Шрифт:
— Было дело, да лень докладать, — усмехнулся тот, играя спичечницей инвалида.
— А-а, — очень спокойно протянул председатель, и взяв спичечницу из рук гостя, долго разглядывал тусклые радуги в ней. — То-то и смелости у инока. Может, музыку тебе завести? Не хочешь… а чего хочешь-то?
— Трёшник хочу, — с настойчивостью бросил Виссарион и упорно смотрел в левый, совсем мёртвый глаз Лукинича; казалось, зрачок его совершенно растворился в белке.
— …а если не дам? — тихо спросил председатель и вдруг взмахнул кулаком над головой гостя, но никакого события не произошло. Виссарион скалился уже в сажени от него, готовый обороняться хоть зубами. Лукинич грустно покачал головой: — А ты пужлив, гадёнок… образованный! Гляди, рази этим бьют? — Он брезгливо разжал кулак, там лежала тряпица с нажёванным мякишем, соска сорокаветовского отпрыска.

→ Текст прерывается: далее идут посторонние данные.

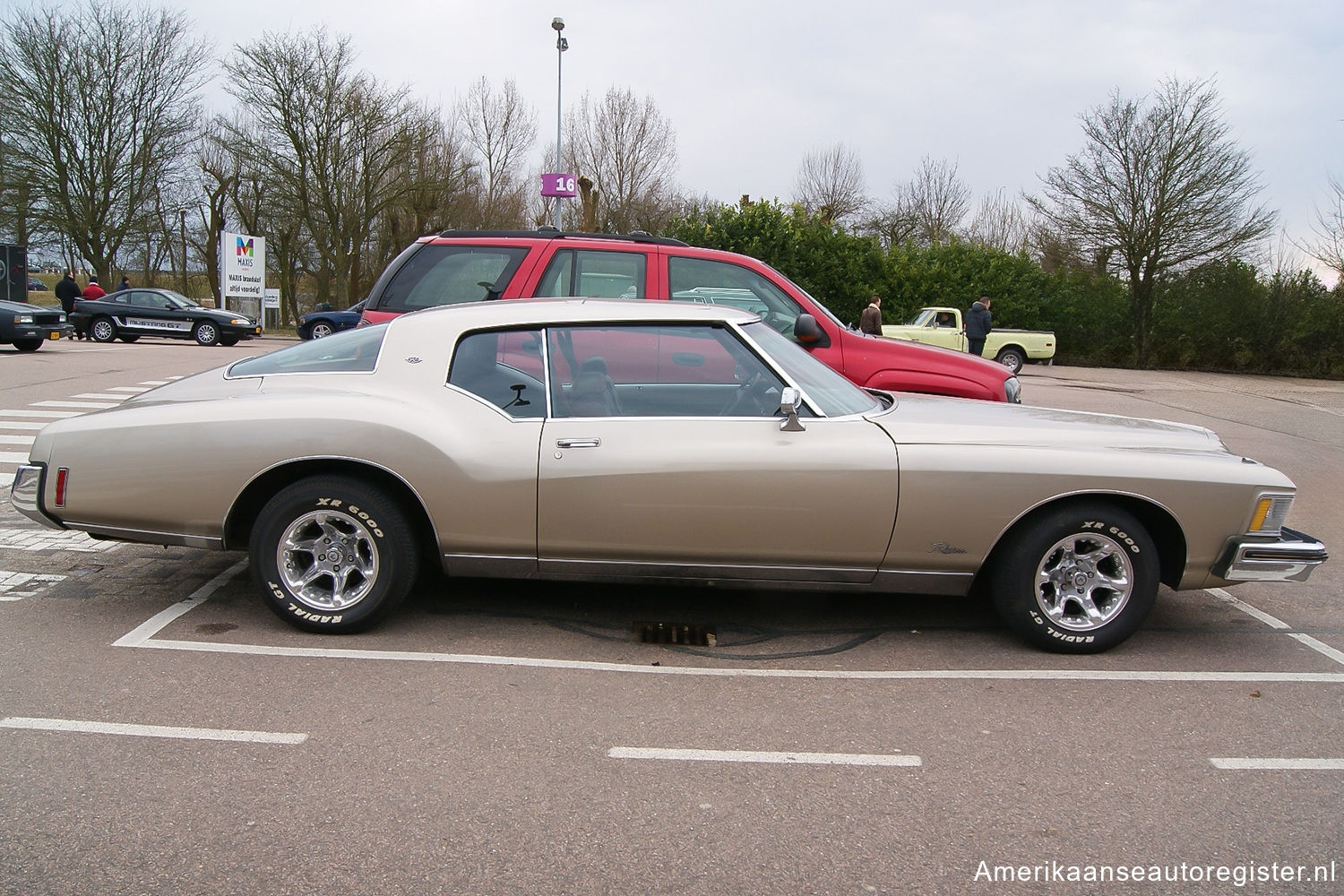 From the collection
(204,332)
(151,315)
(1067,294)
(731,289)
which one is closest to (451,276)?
(731,289)

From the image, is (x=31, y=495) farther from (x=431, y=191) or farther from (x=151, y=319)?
(x=431, y=191)

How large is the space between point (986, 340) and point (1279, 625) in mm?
22567

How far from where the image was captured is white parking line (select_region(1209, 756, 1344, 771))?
11.4 feet

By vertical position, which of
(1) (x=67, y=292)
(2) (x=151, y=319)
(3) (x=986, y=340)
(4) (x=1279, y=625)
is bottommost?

— Вот теперь уж и трёшницы не возьму, — весь красный от обиды, пригрозил Виссарион, поднимаясь одновременно с хозяином. — Завтра сам принесёшь, просить будешь, а не возьму… Не провожай, там не заперто.
— Пужлив, даже отрезвел со страху, — напряжённо улыбался Лукинич, и руки, видимо, для пущего задору держал за спиной. — Что ж, дружба — так дружба… с образованными людьми и дружить лестно. Я так и смекнул — рази образованному трёшница нужна? Евонную руку и сотней не накормишь! Не беги, не бойся пока!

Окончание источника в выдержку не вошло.